Input records
——
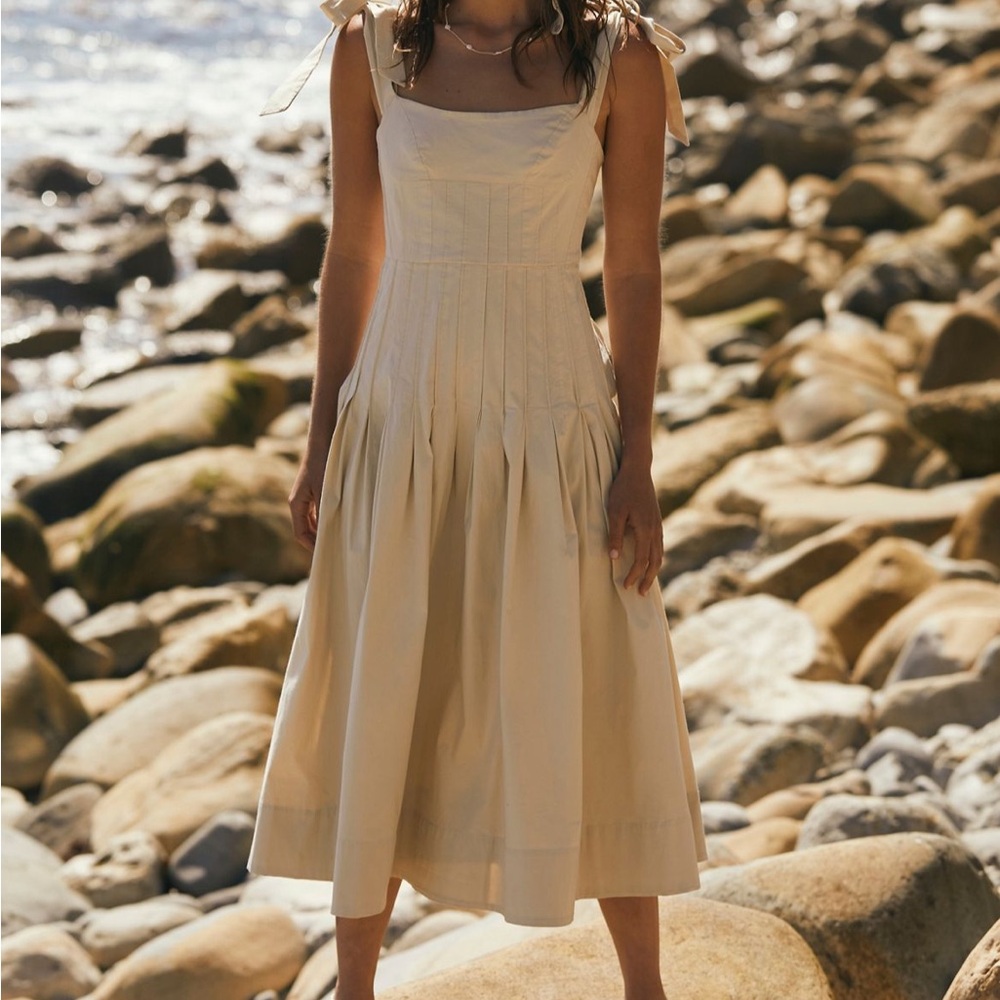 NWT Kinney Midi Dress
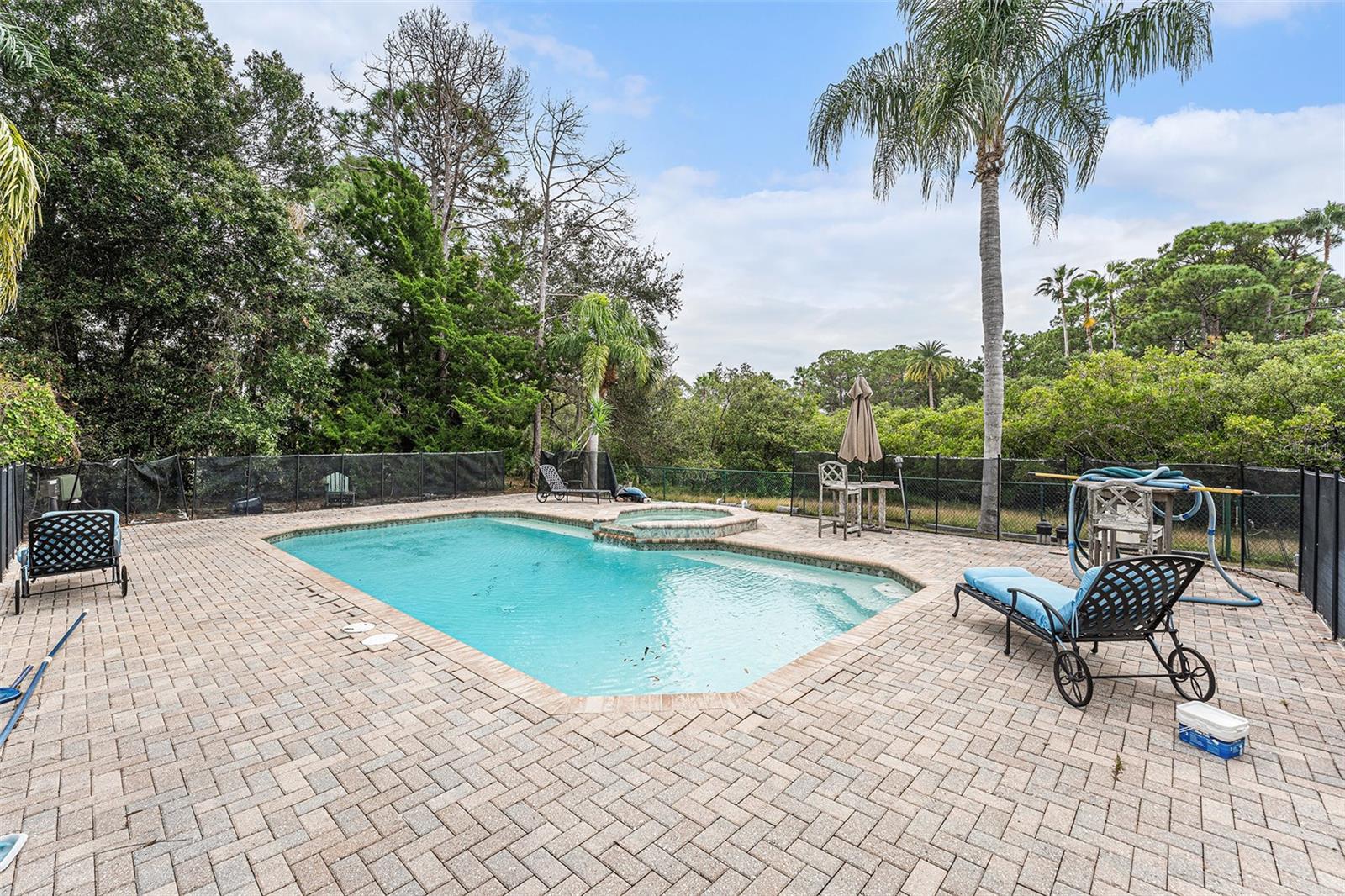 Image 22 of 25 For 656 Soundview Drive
——
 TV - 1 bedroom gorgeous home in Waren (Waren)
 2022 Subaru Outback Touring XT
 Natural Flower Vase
——
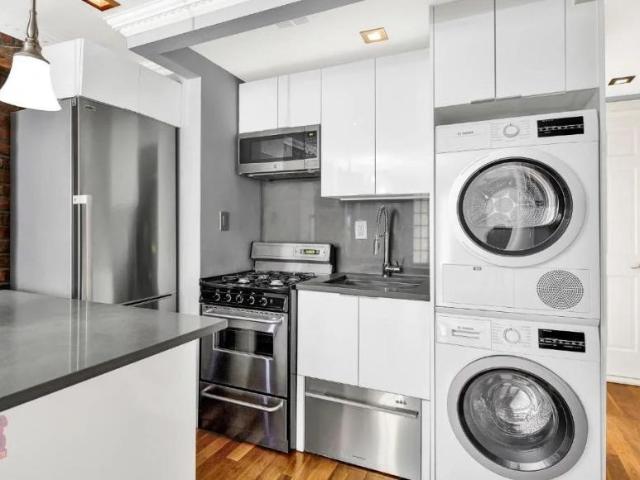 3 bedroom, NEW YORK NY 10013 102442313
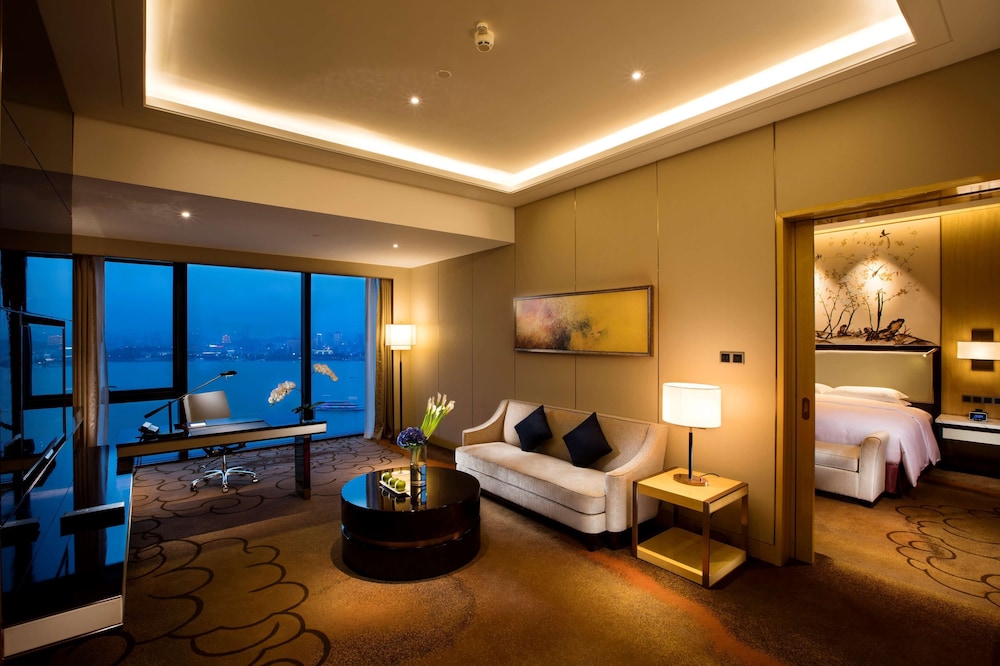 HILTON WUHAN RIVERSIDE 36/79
——
Exercise details
Begin at the line above that has "2022 Subaru Outback Touring XT" and stop after the line that has "Natural Flower Vase", copying each line exactly and adding nothing else.

Worked solution
 2022 Subaru Outback Touring XT
 Natural Flower Vase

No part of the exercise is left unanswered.